What the exercise asks:
Return the lines of the listing below exactly as they appear, beginning at the one with "Штаны спортивные женские" and stopping after the one with "Gypsum standard Aplus"; do not include pictures.

Records for the exercise:
——

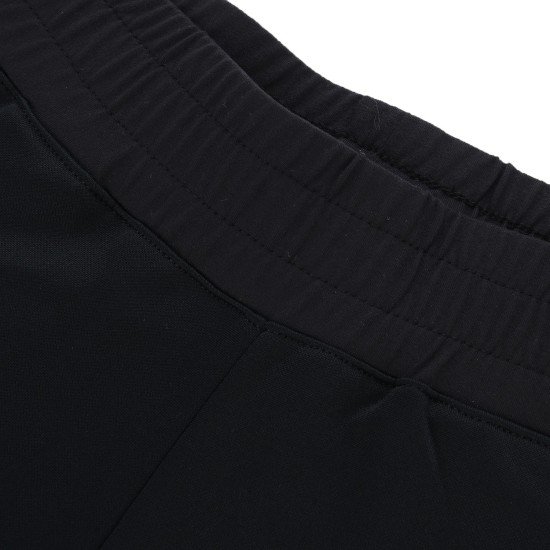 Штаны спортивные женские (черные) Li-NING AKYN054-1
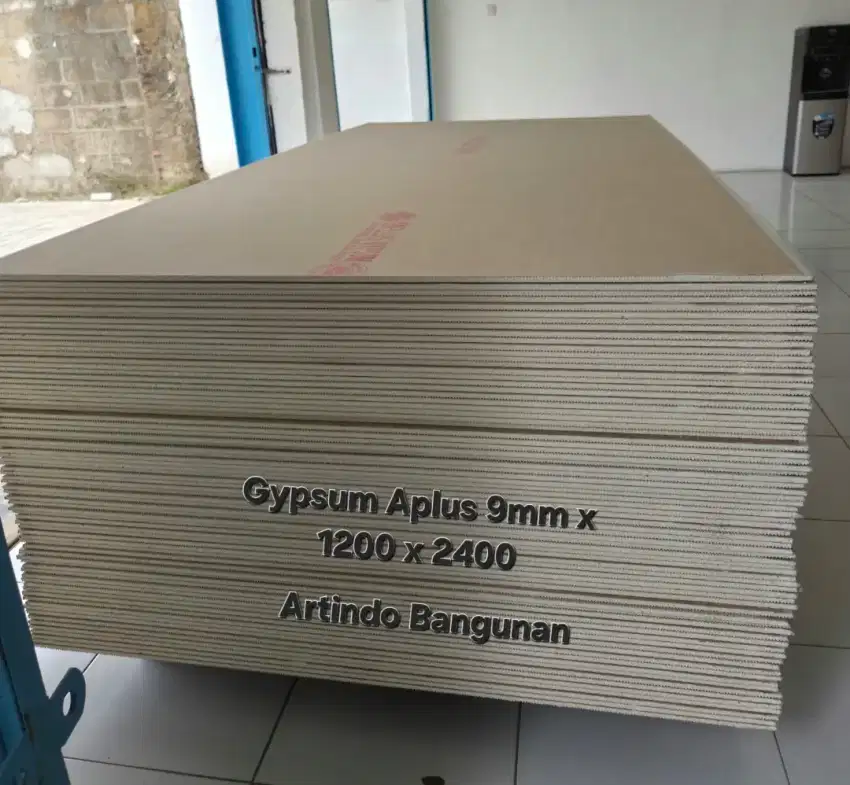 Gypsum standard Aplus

——

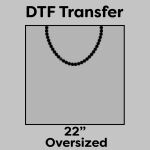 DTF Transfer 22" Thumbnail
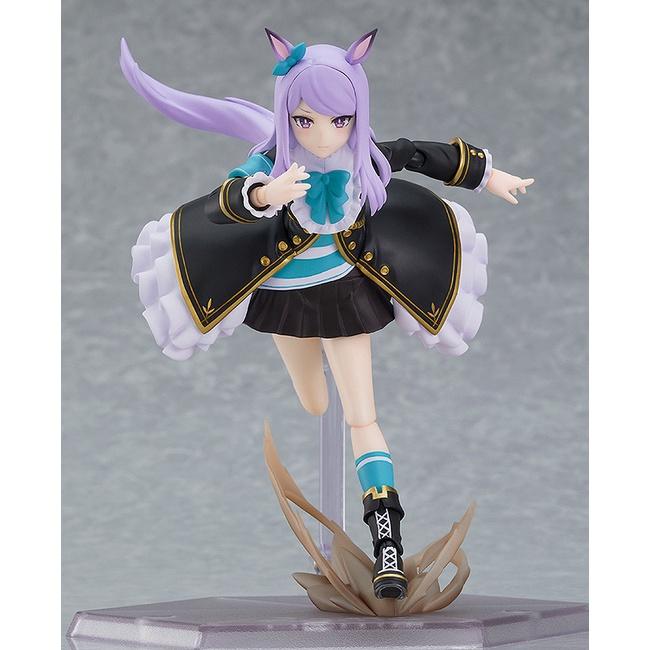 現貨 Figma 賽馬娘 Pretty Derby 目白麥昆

——

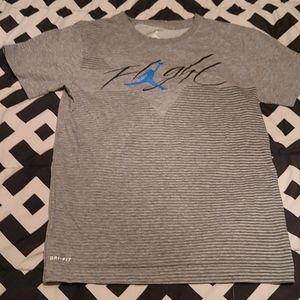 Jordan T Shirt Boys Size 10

——

Solution:
 Штаны спортивные женские (черные) Li-NING AKYN054-1
 Gypsum standard Aplus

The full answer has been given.